Robin Ticciati - Swedish Radio Symphony Orchestra - Berlioz: L'enfance du Christ - Klassik
Interpretation: 4 stars
Klangqualität: 5 stars
Booklet: 5 stars
Bewegende Schlichtheit
Das runde, stimmungsvolle und lebendige Gesamtbild der vorliegenden Interpretation von 'L'enfance du Christ' ist ergreifend direkter Wirkung.
Hector Berlioz' Oratorium 'L‘enfance du Christ' weiß seit 160 Jahren zu faszinieren, im Gegenteil ist das Werk auch gegenwärtig sehr beliebt, vor allem an Weihnachten, aufgrund der Erzählung der Kindheit Christi aber auch zu fast jeder anderen Zeit im Kirchenjahr. Melodische Schlichtheit und eine teils sehr reduzierte Instrumentation sind in dieser Komposition gleichermaßen vorhanden wie die typischen dramatischen Effekte der französischen Oper zur Mitte des 19. Jahrhunderts. Trotzdem hat Berlioz das etwa eineinhalbstündige, dreiteilige Oratorium bewusst sehr schlicht gehalten; von dem Werk geht musikalische Intimität aus.
Diese Intimität und Sensibilität setzen die Interpreten der vorliegenden Aufnahme bei hoher Spielkonzentration und einem Gespür für die elegante französische Melodik hervorragend um. Unter der Leitung des noch 30jährigen Dirigenten Robin Ticciati bilden die beiden Klangkörper, das Swedish Radio Symphony Orchestra und der Swedish Radio Choir, eine gut aufeinander abgestimmte musikalische Einheit, die nur gelegentlich Schwächen in der klanglichen Balance aufweist (beispielsweise in der zweiten Szene des dritten Teils, in dem das Orchester gegenüber dem sehr direkten Chorklang mit seinen jeweils recht kurzen Motiveinwürfen gelegentlich in den Hintergrund gerät).

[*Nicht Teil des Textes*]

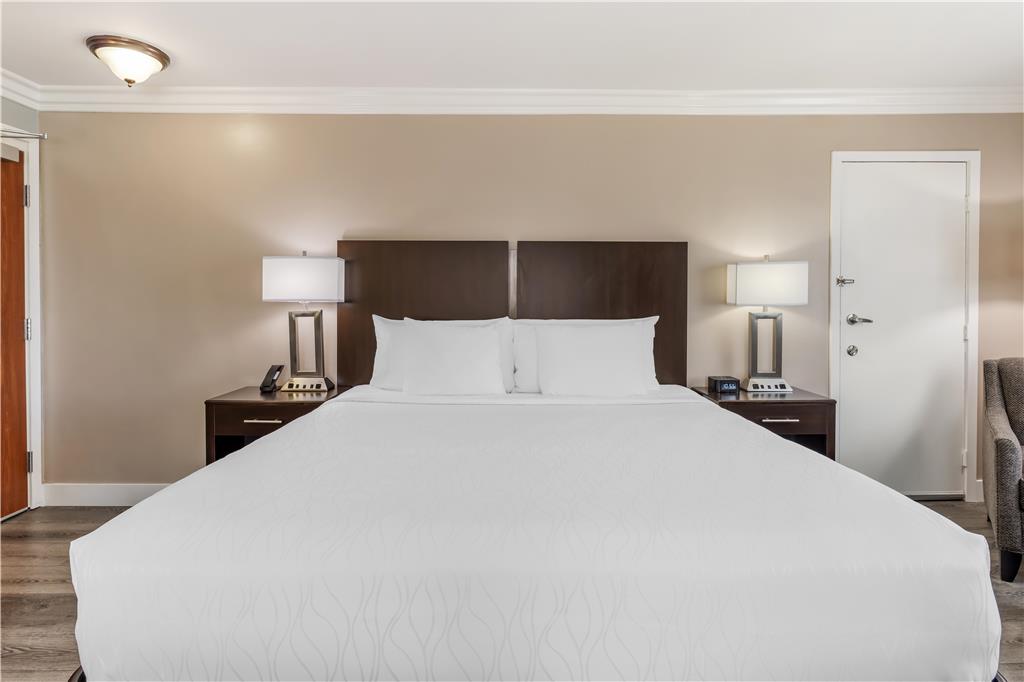 Best Western Plus LA Mid Town Hotel - photo 29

Das Swedish Radio Symphony Orchestra wird nichtsdestotrotz bei dieser Einspielung seinem hervorragenden Ruf als international geachtetes Spitzenorchester gerecht; die solistischen Qualitäten der Musiker und das perfekt aufeinander abgestimmte Zusammenspiel sorgen für ein hohes Niveau dieser Aufnahme.
Auch der Chor präsentiert sich - besonders hervorgehoben sei hier der A-Capella-Chor des Epilogs - bei guter Intonation als eine äußerst homogene Einheit. Die hohe Konzentration der Interpreten sorgt bei den oft sehr langen melodischen Linien für eine bemerkenswerte Spannung, die leider an einigen Stellen vom Dirigenten und dessen Neigung zu einer tendenziell kurzatmigen Spannungsgestaltung durchbrochen wird. Dieser Eindruck entsteht unter anderem in der vierten Szene des ersten Oratoriumteils. Andererseits erfährt die Interpretation durch den zügigen Ablauf einen schönen Schwung und entgeht so der Gefahr der tagnation, die oft zum negativen Resultat der reduzierten Satzdichte wird.

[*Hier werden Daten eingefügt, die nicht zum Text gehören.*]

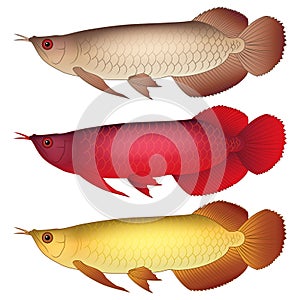 Arowana fish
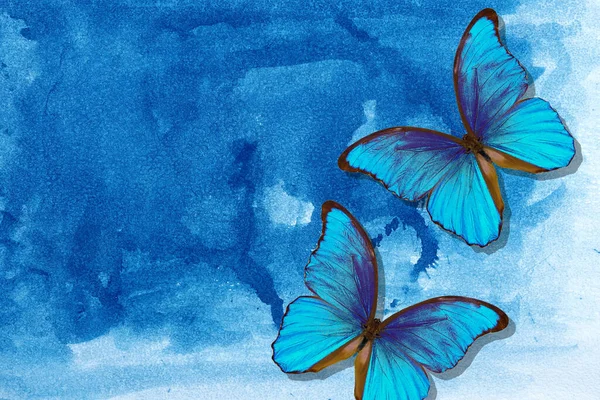 明亮的形态蝴蝶在抽象的蓝色水彩画背景上 湿水彩纸纹理背景 蓝色水彩斑斑 — 图库照片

Mit einer musikalisch lebendigen Gestaltung bieten Chor und Orchester eine entscheidende Grundlage für die vier Vokalsolisten. Erstklassig besetzt sind die Rollen des Erzählers (Yann Beuron), des Joseph (Stephan Loges), der Maria (Véronique Gens) und des Herodes (Alastair Miles). Yann Beurons stimmlicher Ausdruck ist emotional, die reine Stimme von Véronique Gens harmoniert hervorragend mit Stephan Loges in seiner Rolle als Joseph. Alastair Miles überzeugt als Heroders zwar mit einem dunklen, sehr farbenreichen und durchdringenden Klang, vermag sich mit zu viel Dramatik in seiner Stimme allerdings nicht immer gleich gut in das schlichte Gefüge der Komposition und der vorliegenden Interpretation einzufügen.
Den Interpreten insgesamt gelingt es aber sehr gut, die Intimität und schlichte Emotionalität des Oratoriums zu vermitteln. Wenn uch der dramaturgische Ablauf gelegentlich zu schnell vorangetrieben wird, präsentiert sich die Interpretation als eine usikalische Einheit.